The 1962 Dutch Twist Championships (photo by Wim van Rossem for Anefo, used under Creative Commons licence)
It’s 45 years since Chubby Checker kickstarted a worldwide dance craze after performing his version of ‘The Twist’ on The Dick Clark Show. The phenomenon highlighted how music and movement so often go hand in hand. Even those of us who don’t play an instrument are familiar with the urge to move when we hear a particular track, whether it’s ‘The Twist’, or a favourite song with just the right rhythm.
This month, we explore how Chubby Checker made the song, and the dance that went with it, famous. And we look at other examples of songs that triggered popular dance moves.
A history of The Twist
The song ‘The Twist’ was originally written by Hank Ballard and the Midnighters, and released in 1959 as a B-side to their song ‘Teardrops on Your Letter’. It’s thought that Ballard was inspired to write the song after seeing a group of teenagers twisting their hips while dancing, although other sources suggest he was given the song by a member of the gospel group Sensational Nightingales.
The song reached no 16 on Billboard’s rhythm and blues chart, and caught the attention of Dick Clark, a broadcasting personality who hosted popular TV music shows including ABC’s The Dick Clark Show. As a clean-cut figure with a prime time Saturday night slot, Clark helped bring rock ‘n’ roll to the masses – but Hank Ballard and the Midnighters had a reputation for pushing boundaries, and weren’t felt to be suitable for the show. So Clark sought an alternative musician to record the song, settling on an up-and-coming young singer named Chubby Checker.
Checker had already had some success with his first release, a novelty song called ‘The Class’ in the spring of 1959. But his version of ‘The Twist’ – a faithful cover of the original – became a nationwide sensation as a result of his performance on Clark’s show in August 1960. That performance also included a spirited demonstration of the dance, which was soon being copied on dancefloors across the US and overseas.
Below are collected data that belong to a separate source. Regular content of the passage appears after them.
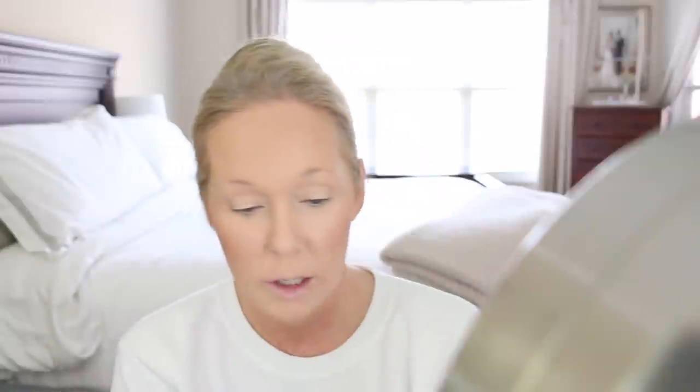If anything looks a little muddy I'll take the lightest shade to clean it up. For eyebrows I've been using both the Anastasia Brow Wiz and the Brow Definer — I draw a line with the Brow Wiz and then fill in with the Brow Definer in the color taupe. I just find I like that defined line underneath.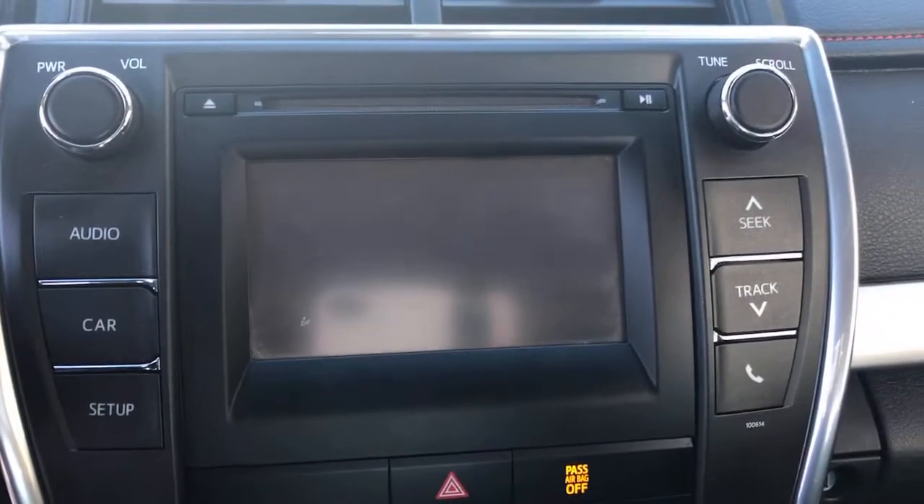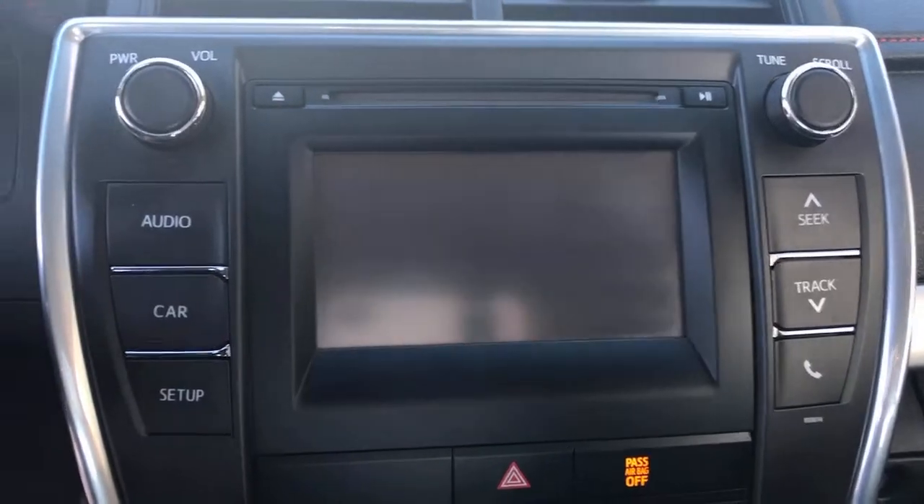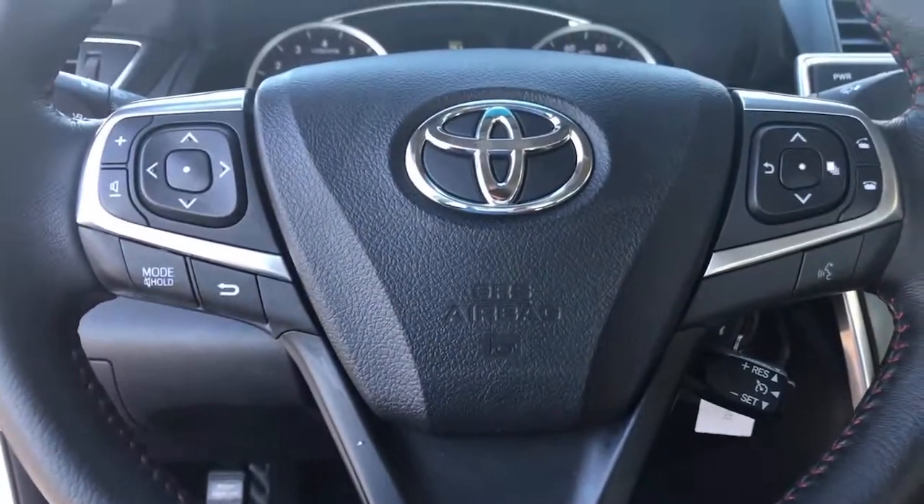We can't wait to introduce you to this exquisite Camry. Come in today and let our knowledgeable staff put you in the driver's seat.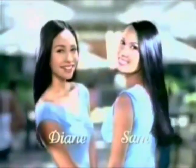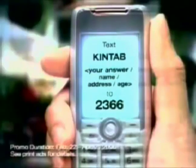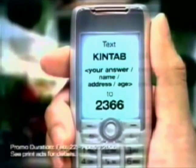Pull and get a chance to shine with the Diamond Jewelry Showcase. Text Kintab, your answer and info to 2366. Oh, shine! New Palmolive Brilliant Shine Conditioner.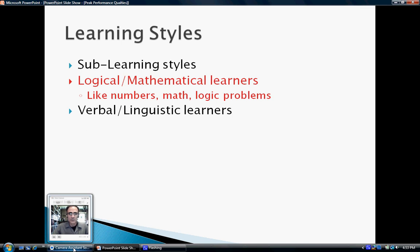The next one is our verbal linguistic learners. Verbal linguistic learners learn best through reading, writing, or dialogue. They want to talk about a problem, read and write about it, and get into discussions. They learn best through reading, writing, and dialogue.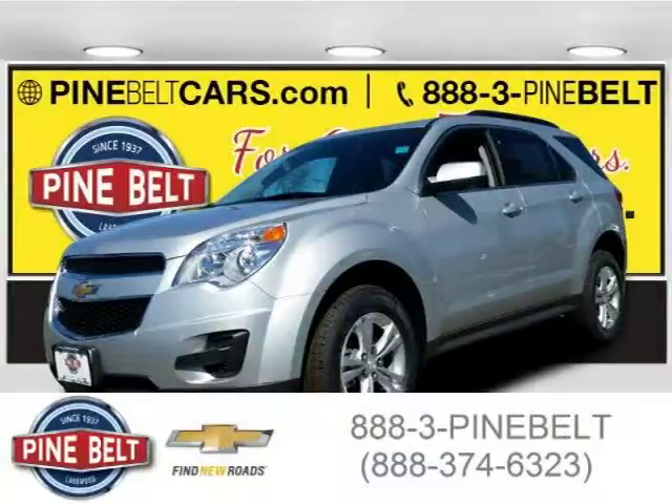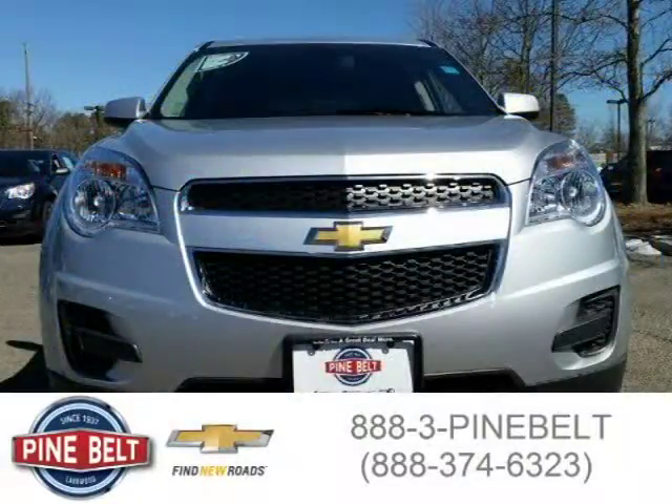This 2015 Chevrolet Equinox SUV is located in Lakewood, serving Toms River, New Jersey, and has 3 miles on it.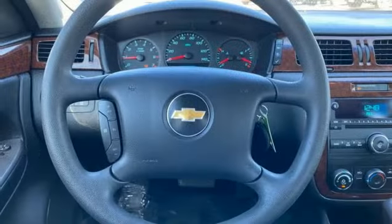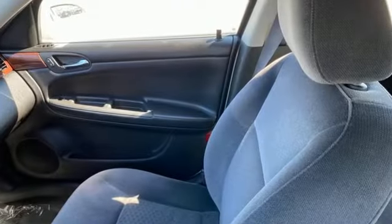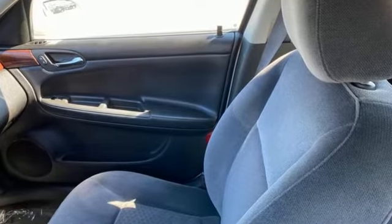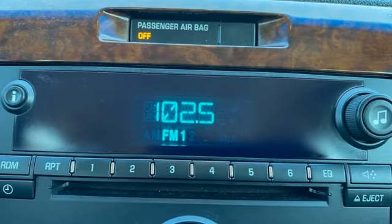The Car Connection notes the biggest asset in the Impala's portfolio is the copious interior and cargo room to be found inside. Performance, value, durability — Chevy. See it for yourself when you take it for a test drive.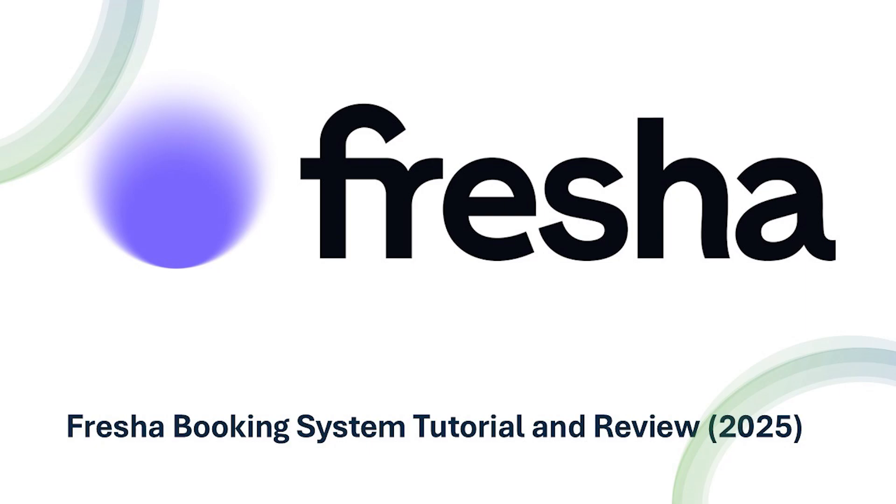Hello everyone and welcome back to the channel. In today's video, we're diving into an in-depth review and tutorial of the Fresha booking system for 2025. Whether you're running a salon, spa, or wellness business, Fresha is one of the most popular tools out there for managing appointments, payments, and client relationships. We'll go through key features, cons, and a step-by-step tutorial to help you get started. So let's jump right in.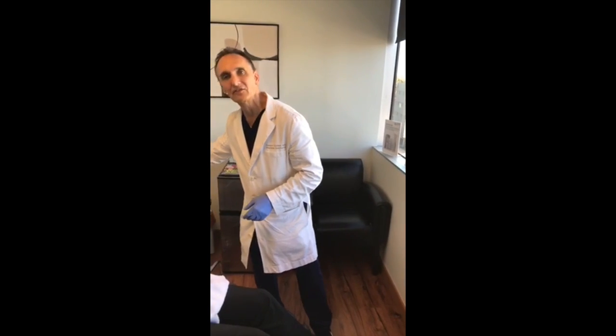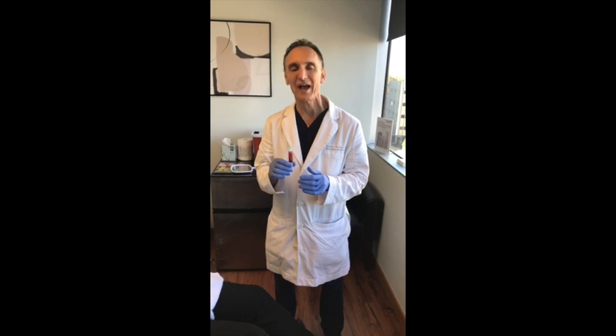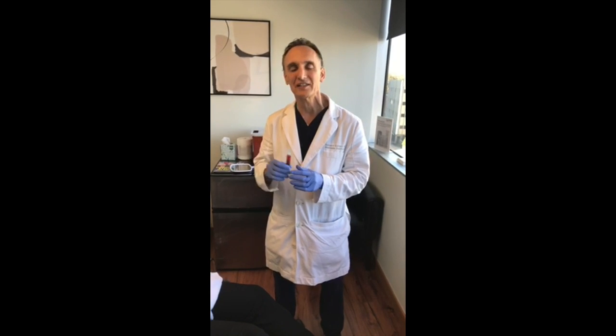Good afternoon. This is Dr. Robert Cohen, and today we're going to do PRP scalp treatment. We use platelets that we draw from the blood and concentrate them — we call it HC PRP, high concentration PRP. You concentrate it, activate it, and then inject it near the scalp, near the follicles.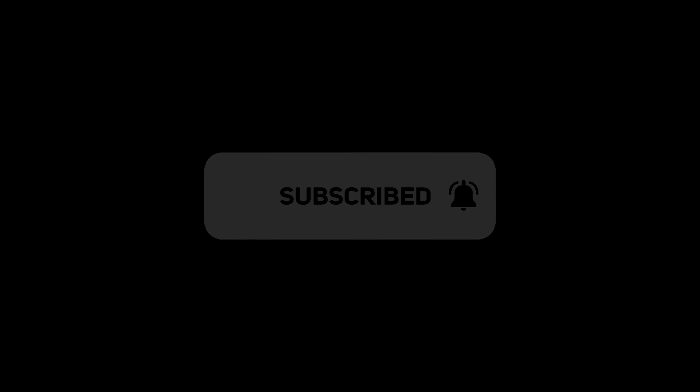Thank you everybody for watching. Remember to subscribe, and I'll see you in the next video. This is Savory Spices, Derek signing off. Thank you.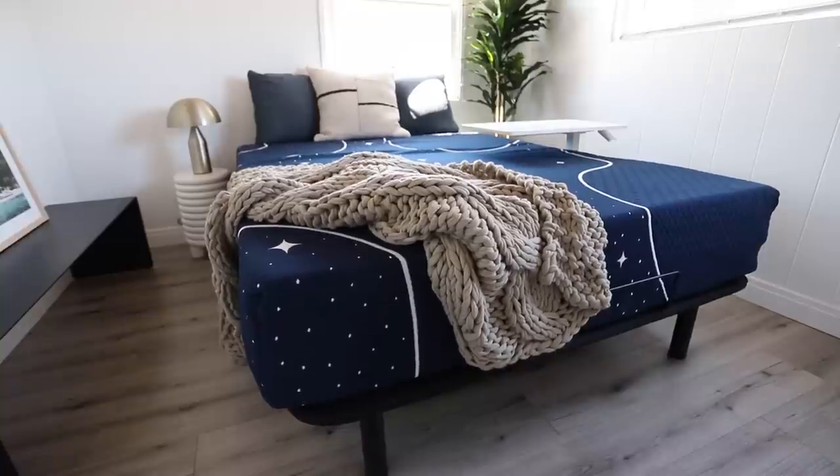Hi everyone, welcome or welcome back to my channel. My name is Nastasia — if you're new here, I'd love it if you would subscribe. For today's video we are breaking down some really good Amazon home furniture that you guys definitely need to check out. The links to everything will be in the description box down below, and without further ado we can just jump right into it.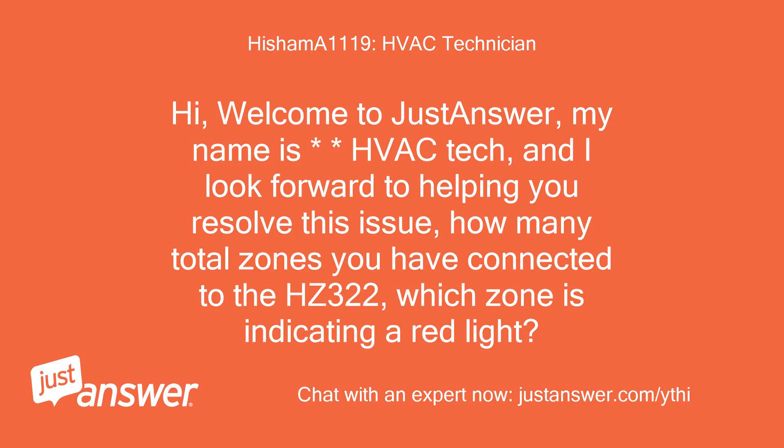Hi, welcome to Just Answer. My name is HVAC Tech and I look forward to helping you resolve this issue. How many total zones do you have connected to the HC-322? Which zone is indicating a red light?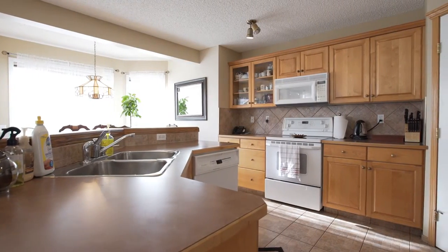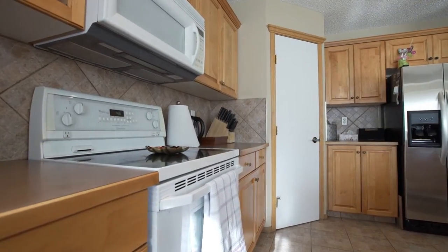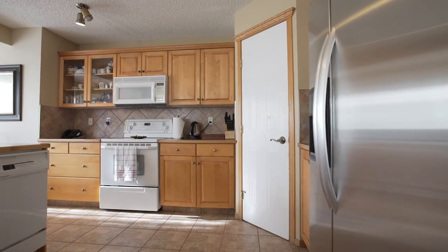Enjoy this open concept kitchen that flows beautifully into the living room, dining room, and backyard with gorgeous ceramic tile and gleaming hardwood.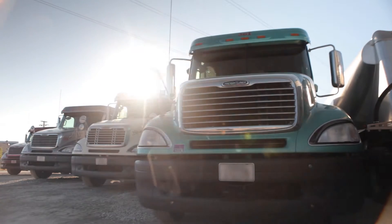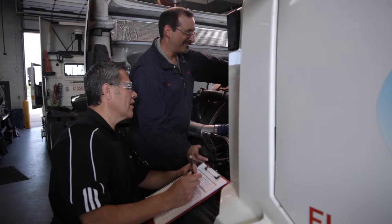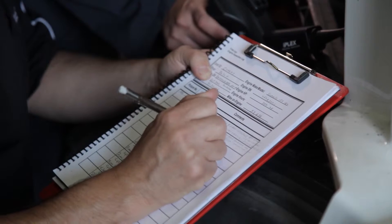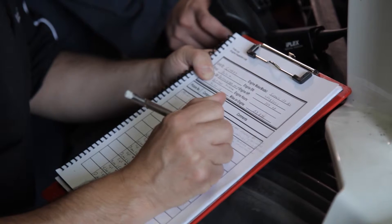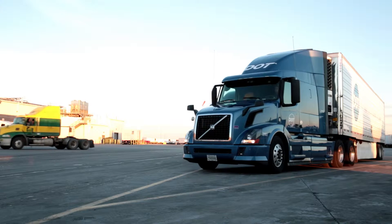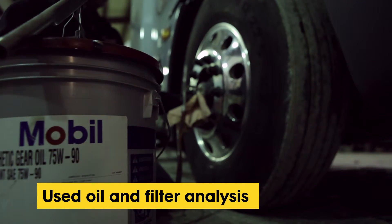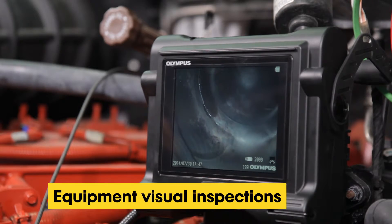The field testing phase involves evaluating the performance of the system, of which the lubricant is one critical part. The testing phase will help validate whether the fleet is capable of operating on the proposed targeted service intervals with a margin of safety. We continuously monitor the equipment's performance using a variety of tools, including used oil and used filter analysis and potential equipment visual inspections.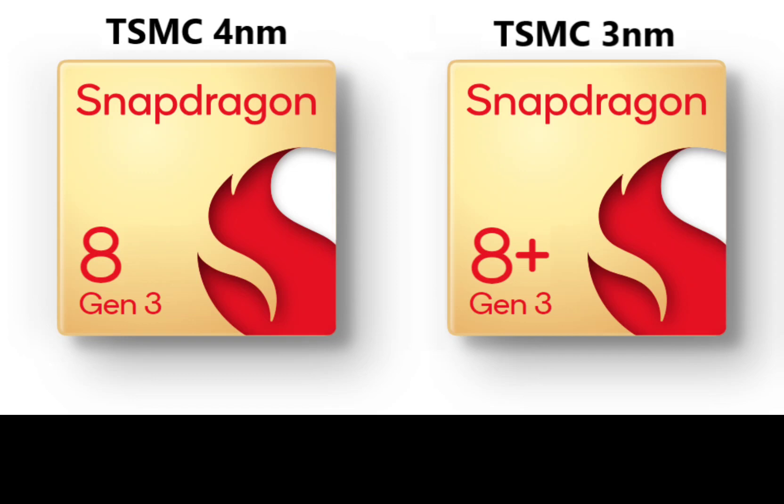It is confusing as to why Qualcomm is expecting to create two different variants of the Snapdragon 8 Gen 3 processor for Android flagships in 2024. But if history is of any indication, it could be that 2024 Android flagships are in for a wild ride next year.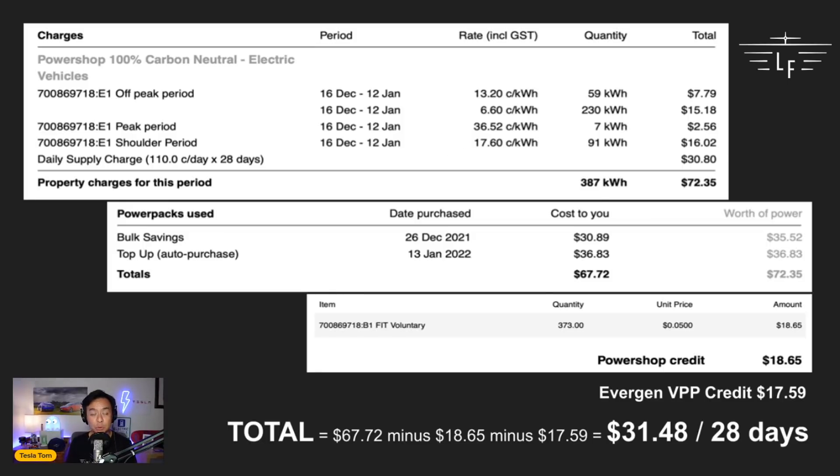With this time-of-use tariff, I try to charge my electric vehicles during the cheapest off-peak period at 6.6 cents per kilowatt-hour. During that period I used 230 kilowatt-hours, followed by 59 kilowatt-hours in the other off-peak period. The shoulder period was 91 kilowatt-hours and the peak period was only 7 kilowatt-hours — that's when the Powerwall 2 kicks in after sunset to cover that expensive peak window. Altogether for the house and both cars, there were 387 kilowatt-hours over the 28-day period, totaling $72.35.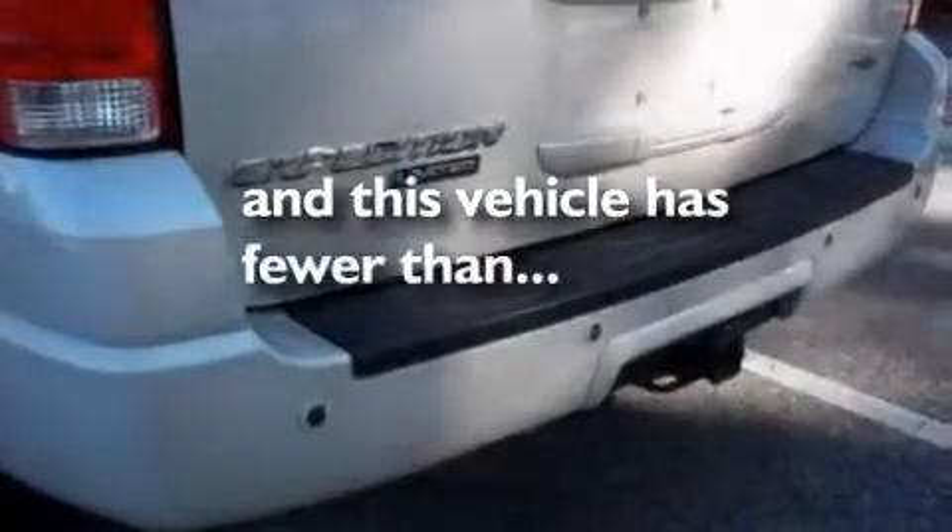17-inch wheels, a low-tire pressure indicator, a sunroof, and this vehicle has fewer than 75,000 miles on the odometer.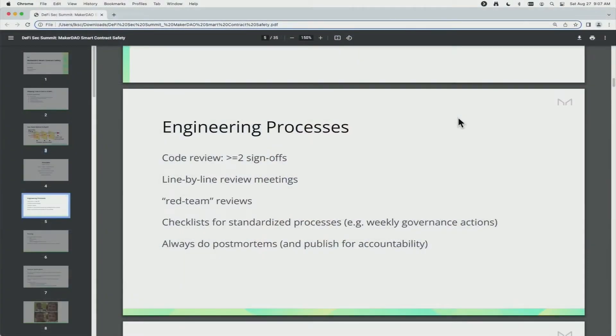Two sign-offs on any code change — that's where it starts. We'll usually hold line-by-line review meetings for complicated pieces of code, usually with a red team or adversarial mindset, where you take some engineers who didn't work on that code and say, okay, now go and try to break it. Anytime we have a standardized process, like our weekly governance actions, we make a checklist. Checklists are widely used in other safety-critical fields, and they can work in DeFi too. And the last and maybe most important one is that we always do post-mortems anytime there was a problem, which sets up a continuous improvement feedback loop because your people are never perfect, and you've got to improve your processes.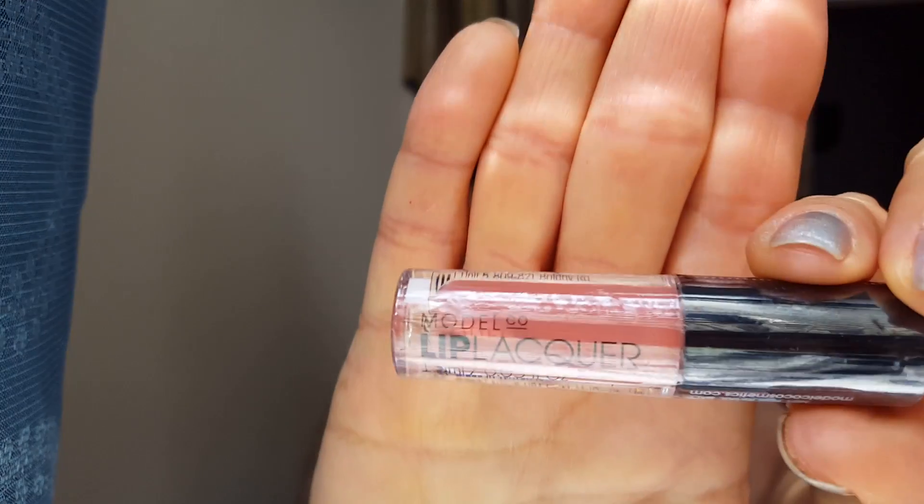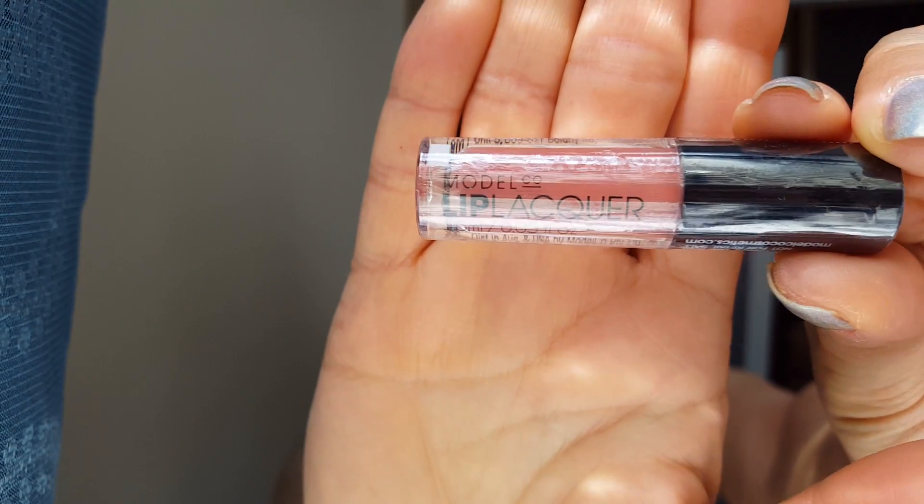Last one — Model Co. Lip Lacquer in Morocco. Yep, this is my color — Morocco. I keep getting colors like this. I'm not complaining; it's nice. But I have a million lip colors and they're all the same color — all this rose brown, which I like.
Its popularity may have been linked to the ease with which people could copy it: most people could ‘do the twist’ to almost any song without difficulty and, crucially, without embarrassing themselves. This didn’t meant it was immune from controversy, and the dance drew criticism from some who felt its movements were too suggestive. Over time, however, it grew to be widely accepted.
‘The Twist’ was the catalyst for several songs dedicated to the dance that appeared in quick succession, from Sam Cooke’s ‘Twistin’ the Night Away’ to Elvis Presley’s ‘Rock a Hula Baby (Twist)’ and Count Basie’s ‘The Basie Twist’. Frank Sinatra got in on the act with ‘Everybody’s Twistin’, while in 1964 the dance was still current enough to inspire The Beatles’ ‘Twist And Shout’. Even as late as 1983, the twist was the focus of Dire Straits’ song ‘Twisting at the Pool’.
Meanwhile Chubby Checker’s version soared back to the top of the charts in 1961, and Checker recorded a raft of other songs that used the dance as their theme, most notably ‘Let’s Twist Again’, which is arguably now his best-known song in the UK.
Which comes first, the song or the dance?
Of course the twist is far from the only dance to have been popularised by a song. In some cases, as with ‘The Twist’, these songs shone a spotlight on dances that were already a fixture in particular subcultures, bringing them into mainstream culture. At other times, writers have used their songs to create and spread a new type of dance.
The 60s was a particularly busy era for dance-craze songs, and in 1962, Eva Boyd recorded another of these, The Loco-Motion, under the name Little Eva. Co-written by Carole King and Gerry Coffin, the lyrics explain how to do the dance. Boyd would perform her version of the dance when she sang the song live:
You gotta swing your hips now
Come on baby, jump up, jump back
Oh well I think you've got the knack
James Brown used popular dance steps in his infamously energetic concerts, including the ‘mashed potato’, which he popularised with records such as ‘(Do the) Mashed Potatoes’ and ‘Mashed Potatoes USA’. Meanwhile Bobby ‘Boris’ Pickett’s novelty hit ‘Monster Mash’ inspired people to add onto the dance by making monster-style gestures with their arms.
The ‘funky chicken’ dance, which was linked to Rufus Thomas’ record ‘Do the Funky Chicken’, was described by one reviewer as ‘the single goofiest dance craze of the 1970s’. As videos from the time show, the dance was a hit with audiences.
The 70s also saw Van McCoy and the Soul City Symphony’s ‘The Hustle’, named after the Latin Hustle dance that began in the South Bronx – although the term became more commonly used as a catch-all name for disco dance moves that were popular at the time.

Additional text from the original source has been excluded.